- _What you have to do_:
Print the listing in its entirety and exactly, leaving out images.

- _Data section_:
=====

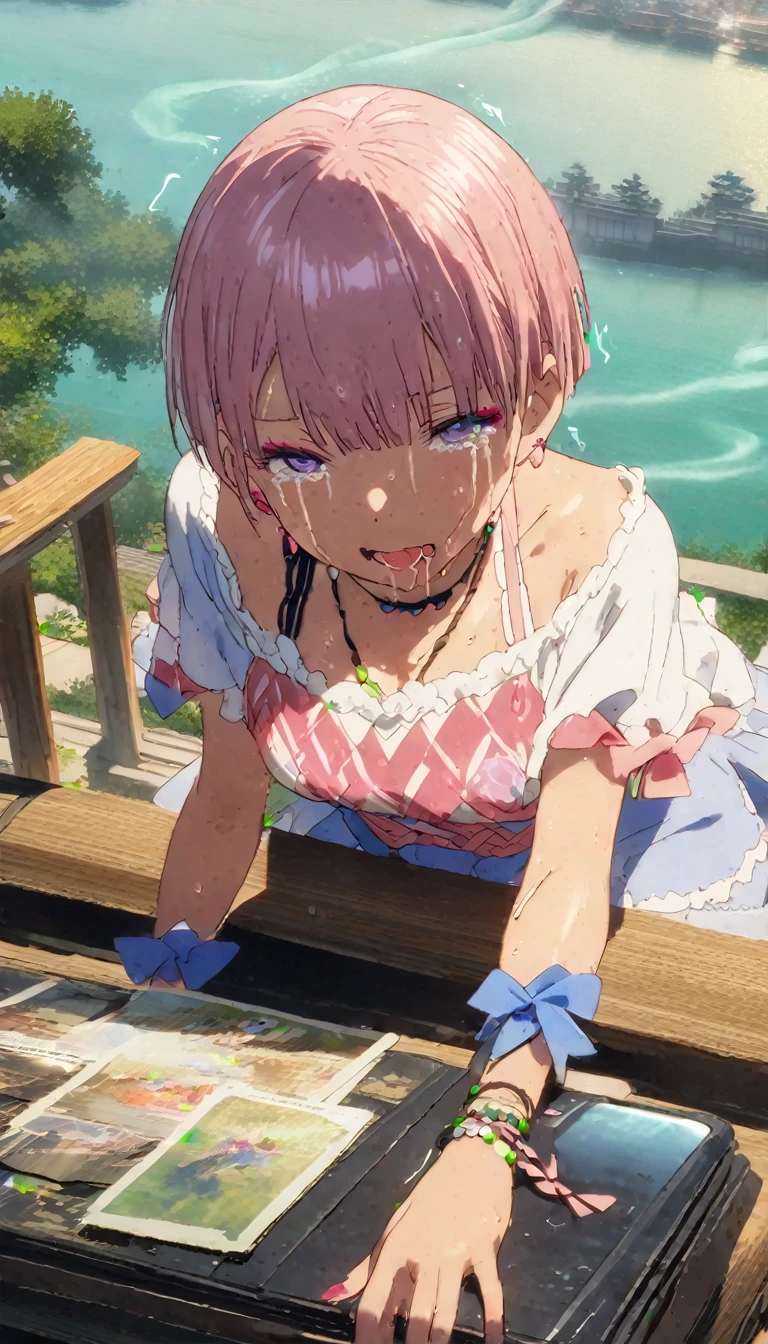 (Highest quality, 4K, 8k, High Resolutiの上, masterpiece:1.2), Very detailed, Picturesque, Anime-style photos, Photo Animatiの上:1.37)、Japanese、(Pink Hair)、(Pixie Cut)、Ecstasy face、trembling、Sweat、Drooling、Are crying、vapor、Gal Makeup、Off-the-shoulder knit、Flared mini skirt、necklace、bracelet、Earrings、choker、nail art、(Full body photo)、Nakano Ichika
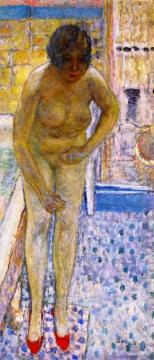 Nude with Red Slippers Artwork by Pierre Bonnard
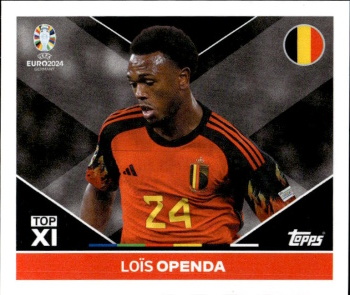 Lois Openda Belgium samolepka Topps EURO 2024 #BEL-TOP1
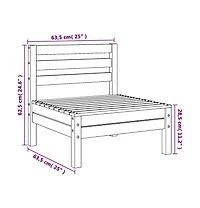 Patio Sofa Armless Wax Brown Solid Wood Pine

=====

- _Answer area_:
 (Highest quality, 4K, 8k, High Resolutiの上, masterpiece:1.2), Very detailed, Picturesque, Anime-style photos, Photo Animatiの上:1.37)、Japanese、(Pink Hair)、(Pixie Cut)、Ecstasy face、trembling、Sweat、Drooling、Are crying、vapor、Gal Makeup、Off-the-shoulder knit、Flared mini skirt、necklace、bracelet、Earrings、choker、nail art、(Full body photo)、Nakano Ichika
 Nude with Red Slippers Artwork by Pierre Bonnard
 Lois Openda Belgium samolepka Topps EURO 2024 #BEL-TOP1
 Patio Sofa Armless Wax Brown Solid Wood Pine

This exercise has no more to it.